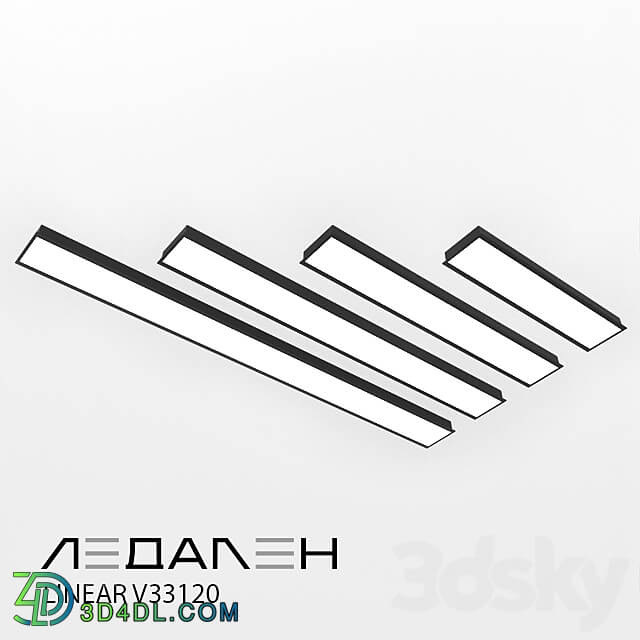 Technical lighting - Pendant Lamp Linear V33120 _ LEDALEN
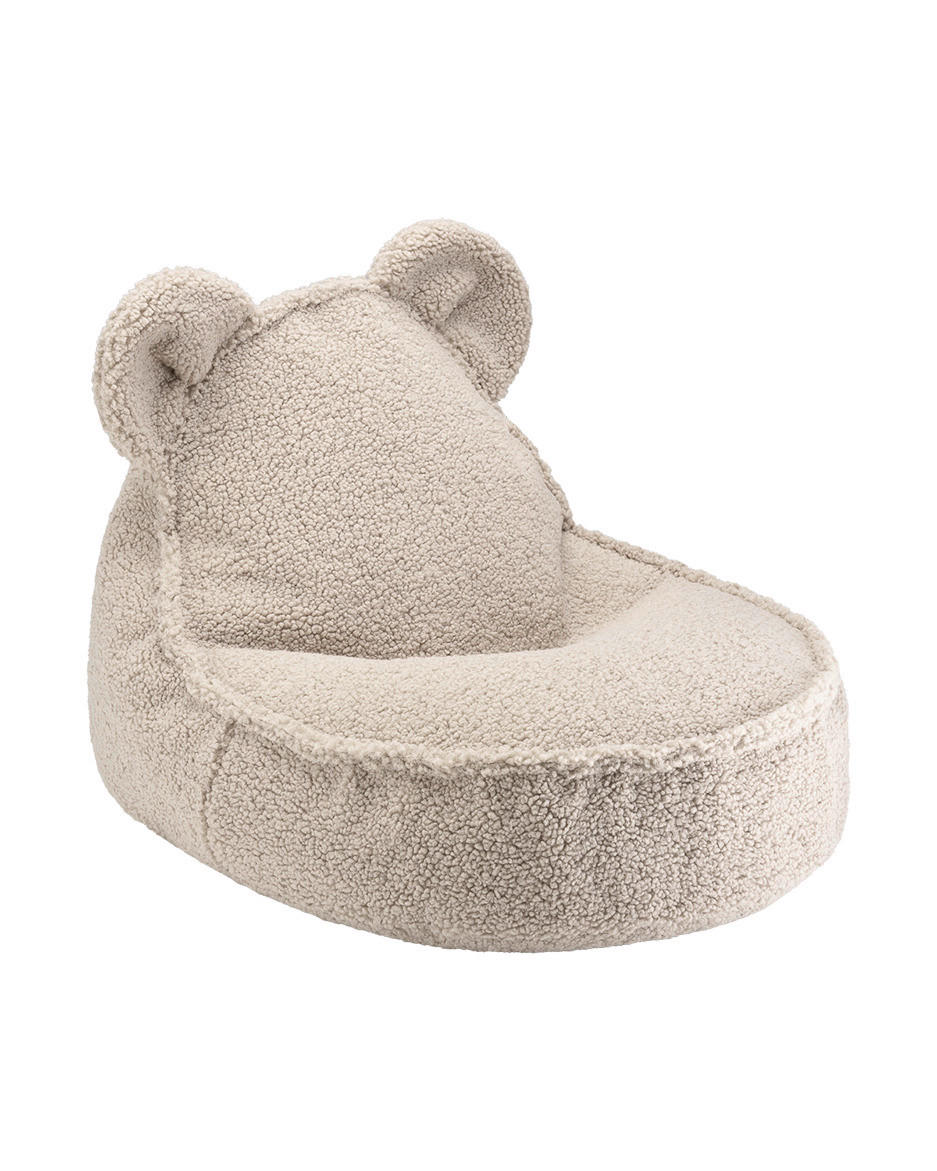 SITZSACK  - Hellbraun, Basics, Textil (75/60/45cm)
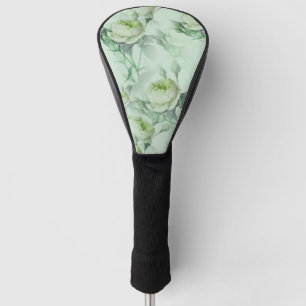 Beautiful Vintage Floral Golf Head Cover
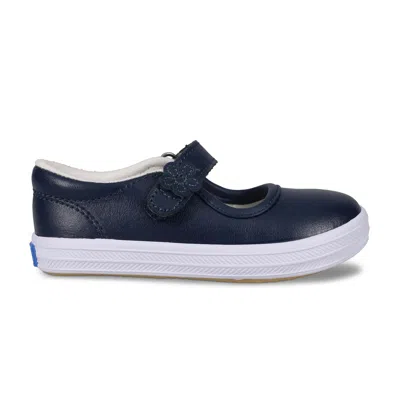 Keds Little Kids Ella Mary Jane Sneakers In Blue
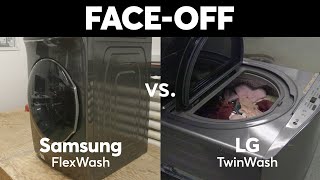 Face-Off: Samsung FlexWash vs. LG TwinWash | Consumer Reports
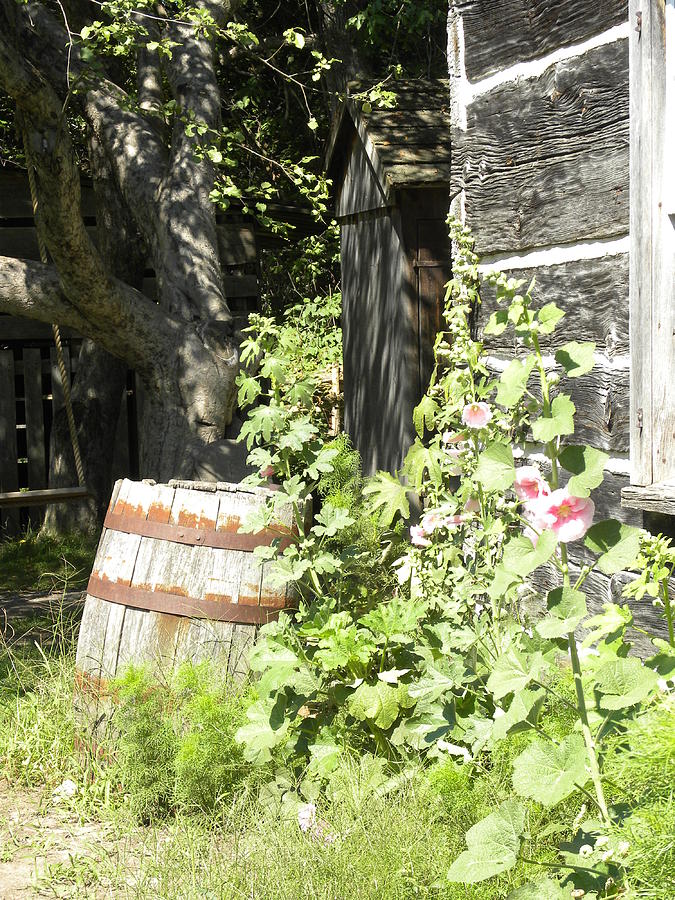 Upper Canada Village Photograph - Country Comfort by Peggy McDonald Upper Canada Village Photograph - Country Comfort by Peggy McDonald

-.-.-

Without the pictures, transcribe the listing above exactly.

 Technical lighting - Pendant Lamp Linear V33120 _ LEDALEN
 SITZSACK  - Hellbraun, Basics, Textil (75/60/45cm)
 Beautiful Vintage Floral Golf Head Cover
 Keds Little Kids Ella Mary Jane Sneakers In Blue
 Face-Off: Samsung FlexWash vs. LG TwinWash | Consumer Reports
 Upper Canada Village Photograph - Country Comfort by Peggy McDonald Upper Canada Village Photograph - Country Comfort by Peggy McDonald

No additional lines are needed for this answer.